This first bus is a 40-foot GILLIG Zero-Emission Battery Electric bus with a 38-passenger seating capacity. It is one of three buses funded by a FY2020 Low-No Emissions Bus Program grant award from the Federal Transit Administration. The city partnered with GILLIG, the Center for Transportation and the Environment (CTE) based in Atlanta, Ga., and Hawaiian Electric Company on this grant project.
“Our administration set a bold goal to transform our public bus fleet to 100 percent renewable fuel by 2035 and we are now steps closer to achieving it,” said Honolulu Mayor Kirk Caldwell. The DTS has purchased an additional 16 new electric buses this year and expects to take delivery of the vehicles through 2021. The transition of TheBus fleet decreases greenhouse gas pollution, while reducing reliance on imported crude oil.
Electric buses bring a number of other benefits. “Electric buses provide a comfortable and smooth ride for our passengers. Residents will appreciate the quietness of this bus as it traverses Oʻahu’s neighborhoods,” said DTS Acting Director Jon Nouchi. “Also, our bus drivers will love the quick acceleration, agility, and new technology present on this newest member of our TheBus fleet.”

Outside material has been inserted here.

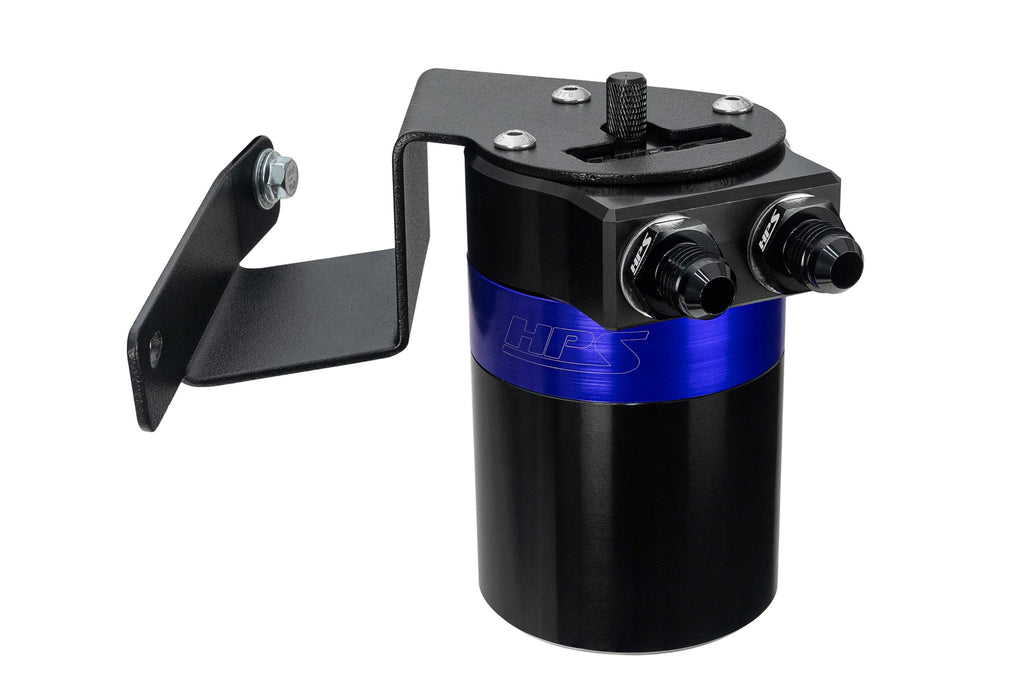 HPS Performance 860-013BL Plug and play oil catch can kit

All new electric buses will feature a new livery designed in-house by DTS Deputy Director Dre Kalili.
“We want our new buses to look and feel both modern and local,” she explained. “We kept the familiar tri-color used on most of TheBus fleet, but created a design inspired by ‘ohe kāpala (Hawaiian bamboo stamping).”
In a few weeks, this electric bus will be deployed on routes that are based at the Kalihi-Pālama Bus Facility.